Britain’s parliament approved air strikes against IS in Iraq by a decisive margin last month but is far from united about the need to extend them to Syria.
Hammond, speaking to Reuters on a visit to the Kurdistan region of Iraq, said he did not rule out Britain joining the United States in striking IS targets in Syria but did not expect any early requests to do so.
“I don’t see an imminent demand for that,” he told Reuters. “My understanding is that the U.S. is satisfied that it has the firepower it needs in Syria at the moment.
“Of course none of us knows how this campaign is going to evolve but at the moment I think the arrangement now where we are focusing on targets in Iraq, and the U.S. and Gulf partners are focusing on Syria, is working well,” he said.
The United States has been carrying out strikes in Iraq since early August, and began bombing IS positions in Syria last month, along with five Arab allies.
Hammond said there would have to be a clear military task that could not be met by existing coalition forces engaged in Syria before Britain might consider joining them.
The air strikes halted IS advances in northern Iraq, but have not prevented the group gaining territory elsewhere, including along the frontier between Syria and Turkey, where it is fighting Kurds for control of the town of Kobani.
Following a meeting with the region’s president Masoud Barzani, Hammond told journalists at a news conference that the situation in Kobani was of “great concern”, but dampened hopes of any speedy international effort to protect the town from IS.
“We’ve always been clear that the coalition and the support it can provide is a long-term strategic project,” he said.
“It is not the case that we can mobilize the resources that people in Kobani are calling for immediately to respond to this current crisis.”
Last year, the British parliament voted against carrying out air strikes against Syria for its lack of progress in eliminating chemical weapons and the opposition Labour Party has said any such action now would need a U.N. resolution on Syria.
Six Tornado jets, normally based at RAF Marham in England and based on Cyprus since August, have carried out several strikes on Iraq since in the last two months.

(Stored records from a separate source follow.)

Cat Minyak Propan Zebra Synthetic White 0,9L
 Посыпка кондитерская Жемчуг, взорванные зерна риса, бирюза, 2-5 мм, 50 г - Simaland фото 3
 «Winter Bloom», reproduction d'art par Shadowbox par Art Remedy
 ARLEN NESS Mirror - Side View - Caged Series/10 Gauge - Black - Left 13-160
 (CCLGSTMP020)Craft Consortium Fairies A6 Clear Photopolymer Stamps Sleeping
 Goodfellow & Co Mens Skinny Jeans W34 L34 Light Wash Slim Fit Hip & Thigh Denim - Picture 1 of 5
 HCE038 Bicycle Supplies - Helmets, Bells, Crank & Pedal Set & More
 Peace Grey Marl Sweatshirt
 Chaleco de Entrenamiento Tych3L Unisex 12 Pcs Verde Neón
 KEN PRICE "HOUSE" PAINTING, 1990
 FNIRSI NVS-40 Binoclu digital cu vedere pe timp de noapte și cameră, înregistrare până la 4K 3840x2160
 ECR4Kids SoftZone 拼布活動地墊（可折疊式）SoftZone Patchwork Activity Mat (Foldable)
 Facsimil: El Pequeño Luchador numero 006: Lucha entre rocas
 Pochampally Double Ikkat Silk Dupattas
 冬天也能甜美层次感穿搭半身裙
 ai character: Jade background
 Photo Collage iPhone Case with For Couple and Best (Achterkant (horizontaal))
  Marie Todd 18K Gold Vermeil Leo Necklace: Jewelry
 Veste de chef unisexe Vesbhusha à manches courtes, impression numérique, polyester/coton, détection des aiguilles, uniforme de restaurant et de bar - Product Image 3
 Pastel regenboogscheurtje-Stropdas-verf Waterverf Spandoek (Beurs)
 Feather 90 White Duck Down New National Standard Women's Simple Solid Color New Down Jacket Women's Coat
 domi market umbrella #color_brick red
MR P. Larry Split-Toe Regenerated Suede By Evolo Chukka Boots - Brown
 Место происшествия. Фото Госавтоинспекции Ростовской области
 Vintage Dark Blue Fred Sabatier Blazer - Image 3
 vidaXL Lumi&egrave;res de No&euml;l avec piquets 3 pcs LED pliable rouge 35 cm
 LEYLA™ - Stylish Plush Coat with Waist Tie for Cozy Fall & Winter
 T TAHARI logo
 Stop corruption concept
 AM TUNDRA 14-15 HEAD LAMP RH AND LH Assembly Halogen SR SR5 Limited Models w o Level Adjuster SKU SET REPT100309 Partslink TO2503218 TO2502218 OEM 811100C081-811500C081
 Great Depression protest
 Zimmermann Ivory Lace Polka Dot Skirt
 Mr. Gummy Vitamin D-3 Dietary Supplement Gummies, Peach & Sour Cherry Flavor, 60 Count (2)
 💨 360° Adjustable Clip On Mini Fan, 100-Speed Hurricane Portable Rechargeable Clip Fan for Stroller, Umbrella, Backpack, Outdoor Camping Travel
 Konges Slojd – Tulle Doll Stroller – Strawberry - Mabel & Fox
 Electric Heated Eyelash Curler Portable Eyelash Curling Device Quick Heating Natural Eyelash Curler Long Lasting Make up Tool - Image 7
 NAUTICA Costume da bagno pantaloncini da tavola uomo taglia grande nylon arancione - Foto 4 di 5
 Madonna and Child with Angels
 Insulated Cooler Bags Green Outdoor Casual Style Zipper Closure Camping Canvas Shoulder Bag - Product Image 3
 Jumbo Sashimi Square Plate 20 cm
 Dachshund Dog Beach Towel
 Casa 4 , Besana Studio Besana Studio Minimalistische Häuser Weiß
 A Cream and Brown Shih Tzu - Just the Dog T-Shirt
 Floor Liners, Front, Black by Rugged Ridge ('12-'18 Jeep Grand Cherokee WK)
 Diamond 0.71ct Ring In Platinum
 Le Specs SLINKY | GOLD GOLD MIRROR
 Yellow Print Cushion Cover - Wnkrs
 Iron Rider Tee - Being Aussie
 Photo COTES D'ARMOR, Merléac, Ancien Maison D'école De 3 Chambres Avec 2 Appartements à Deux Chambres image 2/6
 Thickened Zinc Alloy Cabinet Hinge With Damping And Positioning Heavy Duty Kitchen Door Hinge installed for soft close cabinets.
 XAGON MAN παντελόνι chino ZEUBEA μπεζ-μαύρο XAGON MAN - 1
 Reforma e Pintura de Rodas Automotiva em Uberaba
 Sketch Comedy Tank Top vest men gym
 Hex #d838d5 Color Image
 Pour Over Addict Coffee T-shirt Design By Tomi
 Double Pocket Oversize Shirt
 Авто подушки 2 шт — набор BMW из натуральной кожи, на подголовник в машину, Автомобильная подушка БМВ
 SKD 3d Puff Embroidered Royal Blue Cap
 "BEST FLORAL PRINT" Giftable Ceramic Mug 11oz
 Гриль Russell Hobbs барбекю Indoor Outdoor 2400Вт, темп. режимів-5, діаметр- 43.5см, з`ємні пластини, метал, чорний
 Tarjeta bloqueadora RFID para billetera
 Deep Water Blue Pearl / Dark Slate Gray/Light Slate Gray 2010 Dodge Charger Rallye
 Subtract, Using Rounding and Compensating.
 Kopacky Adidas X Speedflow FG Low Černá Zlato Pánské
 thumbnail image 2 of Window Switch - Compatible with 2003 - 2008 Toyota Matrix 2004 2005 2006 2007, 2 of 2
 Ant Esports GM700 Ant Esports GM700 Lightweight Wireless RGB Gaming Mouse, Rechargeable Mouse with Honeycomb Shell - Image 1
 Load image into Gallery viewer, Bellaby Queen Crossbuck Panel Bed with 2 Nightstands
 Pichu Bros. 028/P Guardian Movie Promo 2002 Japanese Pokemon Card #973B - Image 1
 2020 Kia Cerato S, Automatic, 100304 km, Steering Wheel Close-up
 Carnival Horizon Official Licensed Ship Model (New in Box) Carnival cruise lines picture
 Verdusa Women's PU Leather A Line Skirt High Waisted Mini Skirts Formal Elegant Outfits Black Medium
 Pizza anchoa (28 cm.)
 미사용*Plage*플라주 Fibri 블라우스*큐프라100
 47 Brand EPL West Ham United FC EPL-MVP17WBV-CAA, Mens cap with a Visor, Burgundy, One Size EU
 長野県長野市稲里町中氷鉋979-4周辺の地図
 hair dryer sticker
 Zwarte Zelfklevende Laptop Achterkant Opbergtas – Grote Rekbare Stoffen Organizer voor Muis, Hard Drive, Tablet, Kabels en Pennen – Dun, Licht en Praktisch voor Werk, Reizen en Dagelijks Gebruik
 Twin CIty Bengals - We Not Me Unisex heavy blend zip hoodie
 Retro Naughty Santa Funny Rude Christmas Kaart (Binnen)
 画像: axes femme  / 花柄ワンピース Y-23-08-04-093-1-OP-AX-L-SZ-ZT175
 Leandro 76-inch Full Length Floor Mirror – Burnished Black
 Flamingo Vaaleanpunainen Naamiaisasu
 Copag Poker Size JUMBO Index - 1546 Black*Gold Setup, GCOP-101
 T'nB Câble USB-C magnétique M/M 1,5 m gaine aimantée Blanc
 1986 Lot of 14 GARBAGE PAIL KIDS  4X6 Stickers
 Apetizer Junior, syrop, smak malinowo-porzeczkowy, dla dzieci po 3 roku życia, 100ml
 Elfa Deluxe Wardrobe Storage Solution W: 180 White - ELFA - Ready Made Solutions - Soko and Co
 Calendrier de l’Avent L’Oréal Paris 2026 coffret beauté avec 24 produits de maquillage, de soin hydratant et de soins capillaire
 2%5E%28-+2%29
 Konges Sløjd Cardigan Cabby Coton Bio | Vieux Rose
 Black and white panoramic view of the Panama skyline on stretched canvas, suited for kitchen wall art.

British soldiers are in Iraq training Kurdish peshmerga fighters and Britain has supplied machine guns, but the Kurds say they need heavier weapons such as tanks and attack helicopters to counter IS, which plundered Iraqi arms depots after seizing control of the northern city of Mosul in June.
Asked about heavier weapons, Hammond told Reuters: “We’ve got to understand the need and then we’ve got to work together as a coalition to decide what we think is appropriate for us to supply, how best it can be supplied and how best to deliver it.”
In the news conference, Hammond once again ruled out sending British forces into combat in Iraq.